On Monday, a committee set up by India’s regulator of capital markets, the Securities and Exchange Board of India (Sebi) issued a proposal that would enable non-government organisations (NGOs) and social welfare entities to raise funds by issuing bonds that would be listed for public trading. Finance Minister Nirmala Sitharaman had in last year’s Union budget announced a plan to set up a so-called social stock exchange (SSE) under Sebi to help social enterprises access capital just as private companies do. The trading platform envisioned by the government could let investors subscribe to—and trade—the debt of organizations that are vetted by it. This is expected to lend transparency to a sector that has often seen NGOs under the scanner for shady sources of finance.
At one level, how well the idea works in aiding welfare projects would depend on how fair the process of financial intermediation is. The panel has proposed minimum reporting standards for organisations that raise funds via the exchange. The purpose of the money sought would have to be explained, of course, and profit is not meant to be the goal. There will be audits of their accounts, too. Such measures should help firm up investor confidence.

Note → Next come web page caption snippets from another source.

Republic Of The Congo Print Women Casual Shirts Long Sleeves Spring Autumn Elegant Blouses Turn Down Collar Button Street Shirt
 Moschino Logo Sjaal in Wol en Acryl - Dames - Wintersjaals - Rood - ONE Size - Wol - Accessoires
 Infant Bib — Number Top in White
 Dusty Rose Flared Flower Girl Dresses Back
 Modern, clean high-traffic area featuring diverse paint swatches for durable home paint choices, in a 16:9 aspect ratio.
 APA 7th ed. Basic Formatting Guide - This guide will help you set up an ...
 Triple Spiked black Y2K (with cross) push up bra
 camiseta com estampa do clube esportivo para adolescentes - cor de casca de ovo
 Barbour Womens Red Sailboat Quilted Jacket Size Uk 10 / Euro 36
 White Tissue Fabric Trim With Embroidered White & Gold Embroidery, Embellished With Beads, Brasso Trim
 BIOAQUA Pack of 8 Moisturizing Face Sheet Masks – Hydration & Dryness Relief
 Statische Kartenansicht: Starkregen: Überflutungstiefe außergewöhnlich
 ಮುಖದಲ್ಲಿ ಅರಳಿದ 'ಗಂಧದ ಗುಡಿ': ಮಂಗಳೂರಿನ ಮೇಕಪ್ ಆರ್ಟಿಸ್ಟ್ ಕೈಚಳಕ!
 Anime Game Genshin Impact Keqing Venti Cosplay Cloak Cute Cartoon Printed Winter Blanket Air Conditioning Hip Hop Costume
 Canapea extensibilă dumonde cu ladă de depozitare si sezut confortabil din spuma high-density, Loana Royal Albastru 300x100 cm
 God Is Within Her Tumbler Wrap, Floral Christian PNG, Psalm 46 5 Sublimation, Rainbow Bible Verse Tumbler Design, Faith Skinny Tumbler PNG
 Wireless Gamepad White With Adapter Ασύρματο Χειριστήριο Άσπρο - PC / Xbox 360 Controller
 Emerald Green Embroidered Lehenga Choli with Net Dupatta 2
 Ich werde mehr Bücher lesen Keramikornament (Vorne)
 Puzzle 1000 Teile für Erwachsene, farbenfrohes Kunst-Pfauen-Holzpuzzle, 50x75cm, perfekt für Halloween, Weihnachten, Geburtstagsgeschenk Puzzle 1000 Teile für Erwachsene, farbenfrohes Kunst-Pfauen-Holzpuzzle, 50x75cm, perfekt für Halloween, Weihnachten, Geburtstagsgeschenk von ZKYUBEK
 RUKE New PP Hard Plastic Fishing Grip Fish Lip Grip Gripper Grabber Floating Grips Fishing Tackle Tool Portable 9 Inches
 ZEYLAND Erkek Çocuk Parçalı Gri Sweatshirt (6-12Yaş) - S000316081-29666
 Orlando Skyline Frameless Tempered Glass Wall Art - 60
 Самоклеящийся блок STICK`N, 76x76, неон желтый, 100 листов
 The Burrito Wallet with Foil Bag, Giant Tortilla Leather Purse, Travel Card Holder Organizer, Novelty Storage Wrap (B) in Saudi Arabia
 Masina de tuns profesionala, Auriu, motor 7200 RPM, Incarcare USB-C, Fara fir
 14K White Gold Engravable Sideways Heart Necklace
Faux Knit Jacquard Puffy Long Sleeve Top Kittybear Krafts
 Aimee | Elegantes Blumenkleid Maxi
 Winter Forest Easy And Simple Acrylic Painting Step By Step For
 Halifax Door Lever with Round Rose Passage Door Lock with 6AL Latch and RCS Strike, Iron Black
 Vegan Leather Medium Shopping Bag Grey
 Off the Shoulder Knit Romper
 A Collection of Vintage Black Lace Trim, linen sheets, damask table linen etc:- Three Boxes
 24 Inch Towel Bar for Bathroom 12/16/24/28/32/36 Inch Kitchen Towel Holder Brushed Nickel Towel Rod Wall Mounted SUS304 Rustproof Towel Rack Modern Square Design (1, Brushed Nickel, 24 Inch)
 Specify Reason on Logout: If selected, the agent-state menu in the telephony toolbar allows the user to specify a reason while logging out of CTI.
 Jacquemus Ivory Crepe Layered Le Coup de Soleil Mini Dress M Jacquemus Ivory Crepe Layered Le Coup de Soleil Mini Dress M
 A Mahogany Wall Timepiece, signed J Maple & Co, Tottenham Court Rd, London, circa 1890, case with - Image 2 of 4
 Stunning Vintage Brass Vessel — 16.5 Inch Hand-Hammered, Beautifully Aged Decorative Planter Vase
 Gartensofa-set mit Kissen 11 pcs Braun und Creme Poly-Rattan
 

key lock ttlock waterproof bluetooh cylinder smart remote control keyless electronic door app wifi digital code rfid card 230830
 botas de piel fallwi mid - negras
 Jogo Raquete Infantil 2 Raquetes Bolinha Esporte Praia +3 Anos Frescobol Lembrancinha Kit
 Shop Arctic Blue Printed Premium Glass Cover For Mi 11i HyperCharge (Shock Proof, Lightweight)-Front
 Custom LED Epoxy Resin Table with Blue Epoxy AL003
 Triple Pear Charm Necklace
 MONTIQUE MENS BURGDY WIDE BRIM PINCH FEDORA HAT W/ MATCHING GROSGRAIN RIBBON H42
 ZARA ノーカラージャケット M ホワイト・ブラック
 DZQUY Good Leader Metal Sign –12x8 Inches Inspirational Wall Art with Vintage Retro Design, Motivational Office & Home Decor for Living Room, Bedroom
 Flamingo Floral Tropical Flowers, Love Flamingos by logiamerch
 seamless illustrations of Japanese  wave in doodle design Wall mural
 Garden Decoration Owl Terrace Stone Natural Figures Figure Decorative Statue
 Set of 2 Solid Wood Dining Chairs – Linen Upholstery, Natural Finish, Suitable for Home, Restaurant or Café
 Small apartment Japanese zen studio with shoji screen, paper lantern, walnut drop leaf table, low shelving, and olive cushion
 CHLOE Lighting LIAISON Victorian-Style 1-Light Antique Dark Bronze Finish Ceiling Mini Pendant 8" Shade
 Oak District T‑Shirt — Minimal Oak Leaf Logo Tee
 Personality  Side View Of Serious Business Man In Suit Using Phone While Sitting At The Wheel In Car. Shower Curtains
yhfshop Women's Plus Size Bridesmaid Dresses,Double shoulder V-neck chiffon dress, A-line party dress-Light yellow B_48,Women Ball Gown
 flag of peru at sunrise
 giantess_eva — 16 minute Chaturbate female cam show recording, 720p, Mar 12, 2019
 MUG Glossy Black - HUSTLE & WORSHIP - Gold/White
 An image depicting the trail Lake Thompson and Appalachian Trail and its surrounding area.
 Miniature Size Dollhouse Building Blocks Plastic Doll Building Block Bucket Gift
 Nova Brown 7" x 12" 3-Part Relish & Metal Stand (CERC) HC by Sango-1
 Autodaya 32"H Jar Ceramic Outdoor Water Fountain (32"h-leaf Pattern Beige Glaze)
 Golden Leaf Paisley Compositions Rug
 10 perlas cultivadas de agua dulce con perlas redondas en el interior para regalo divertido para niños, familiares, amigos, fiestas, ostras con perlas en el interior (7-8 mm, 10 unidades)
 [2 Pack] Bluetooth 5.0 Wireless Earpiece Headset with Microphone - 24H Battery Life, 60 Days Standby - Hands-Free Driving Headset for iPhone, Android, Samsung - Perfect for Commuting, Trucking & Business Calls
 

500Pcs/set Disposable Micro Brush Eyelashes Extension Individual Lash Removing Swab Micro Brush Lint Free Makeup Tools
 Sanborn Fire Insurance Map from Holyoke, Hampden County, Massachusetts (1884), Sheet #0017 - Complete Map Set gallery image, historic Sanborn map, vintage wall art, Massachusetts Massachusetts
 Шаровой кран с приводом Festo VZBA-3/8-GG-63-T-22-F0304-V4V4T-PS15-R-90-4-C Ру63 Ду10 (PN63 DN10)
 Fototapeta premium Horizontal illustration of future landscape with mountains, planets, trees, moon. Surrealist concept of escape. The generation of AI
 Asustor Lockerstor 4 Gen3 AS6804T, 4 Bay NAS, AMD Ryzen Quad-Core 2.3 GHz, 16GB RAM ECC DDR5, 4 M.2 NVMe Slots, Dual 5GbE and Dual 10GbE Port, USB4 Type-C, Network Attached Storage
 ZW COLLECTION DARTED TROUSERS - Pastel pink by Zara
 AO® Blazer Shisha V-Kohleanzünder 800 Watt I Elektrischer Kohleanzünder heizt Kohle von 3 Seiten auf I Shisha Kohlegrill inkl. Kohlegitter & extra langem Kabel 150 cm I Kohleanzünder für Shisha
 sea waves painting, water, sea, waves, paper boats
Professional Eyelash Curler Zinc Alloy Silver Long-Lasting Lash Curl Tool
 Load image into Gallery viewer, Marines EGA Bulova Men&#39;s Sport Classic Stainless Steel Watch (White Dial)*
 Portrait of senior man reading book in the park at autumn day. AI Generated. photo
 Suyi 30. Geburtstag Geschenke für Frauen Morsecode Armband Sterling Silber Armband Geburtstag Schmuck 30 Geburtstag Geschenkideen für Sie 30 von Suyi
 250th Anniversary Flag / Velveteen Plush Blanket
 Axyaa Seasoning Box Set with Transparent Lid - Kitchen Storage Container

At another level, the idea’s success from a social perspective will depend on the kind of entities it attracts. Bond issuance means the scheme expects a listed body to generate revenues and repay its borrowings. Not all welfare organizations operate like companies, however, and so several NGOs that rely only on donations may not want to participate, unless they are ready to indebt themselves. Then there is also the paradox of generosity. Do-gooders that falter in repaying their loans could see the traded value of their paper fall, raising yields and thus the market rate at which they can borrow. This would reward those that generate money to repay investors and punish those that are too generous to their beneficiaries.